Puggle Training Problems

The puggle is the combination of a beagle and a pug.
The puggle is the combination of a beagle and a pug. (Image: beagle profile bw image by devilpup from Fotolia.com)

A puggle is a designer mixed breed created by mating a pug with a beagle. This results in a high-energy lap dog. They are generally small and have short hair, with a thick body. Puggles are energetic and intelligent. These are both characteristics that can make for an excellent companion pet and, at the same time, one that is challenging to train. Puggles love being with their humans of all ages and, when well-trained, steal the hearts of their family.

Expert Insight

Breeders having experience with puggles agree that they can be a joy. However, if they are not trained consistently or properly, they can turn your house into their domain. Puggles are assertive, and can become aggressive when there is a lack of training. The most common problems to be aware of are barking, ankle biting, chewing, digging and aggression. All of these can be solved through consistent training. When bringing a puggle into your home, be aware of the time and patience needed to turn this dog into the perfect addition to your family.


Puggles inherit their barking, and sometimes howling, tendencies from their beagle parent. The barking is mainly a "hello," or to alert their family of strangers coming into the home. The howling is a curious sound the first time you hear it, but it can quickly become annoying. When your puggle barks, stop what you are doing, hold up one finger, and in a low, firm voice, say "Stop." Make eye contact with your dog when doing this. Repeat the word "Stop" again if needed. It is essential to offer verbal praise as soon as the barking stops. This shows him that this is important to you. Do this every time. Soon, your dog should respond after just seeing your finger raised.

Ankle Biting

Ankle biting can be corrected with the same techniques as used for barking. Ankle biting usually occurs when your dog senses that you are leaving. Remember, puggles want to be with their people, this is what makes them happy. Creating routines in your household can help lessen your puggle's separation anxiety. Remember to be consistent in the training and spend adequate time with playing with your puggle.

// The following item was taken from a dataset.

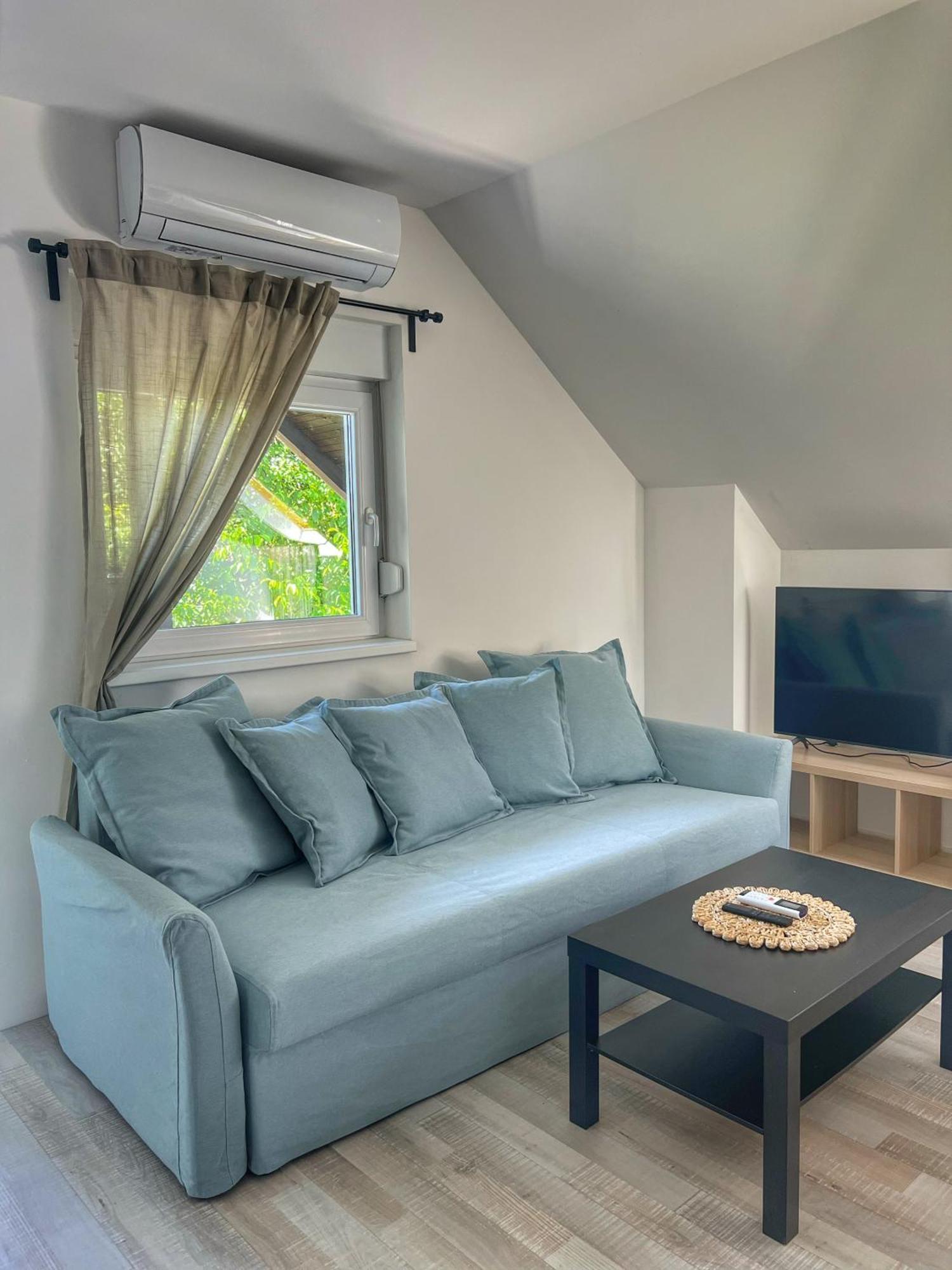 Apartman Cherry Plitvice Lakes Irinovac Eksteriør billede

All puppies chew. Puggles chew a lot. So give your puggle appropriate things to chew on. Bones and a variety of chew toys work well. Do not expect chew toys to last. The purpose of chew toys is to be chewed up so your belongings are not. Putting treats or peanut butter inside of a toy or on a bone can lengthen the entertainment time of a certain chew item. This will address the chewing need, and be fun as well.


Beagles dig--so puggles will dig. Making sure your puggle has enough exercise each day will help eliminate the digging that is done due to boredom. Taking two walks or runs a day with your dog is ideal. Playing fetch will exercise and entertain your puggle. These activities also make your puggle happy because he is with you. By having access to a yard, your puggle can also run and play while you are not with him. Boredom is a main cause of destructive behavior in any dog, so provide him with toys, an area to run and things to keep him busy.


Puggles, especially males, can be aggressive towards other male dogs. The fact that puggles are social dogs can make it easy to correct this behavior. Your puggle wants to be with you, other people and other dogs. If he is removed or ignored after being aggressive, it will become clear not to do that. If aggressive behavior is allowed to continue it can become dangerous for your dog, other dogs, or your family and friends. You must be consistent in this training, and do not ever reward your puggle with attention after an aggressive behavior.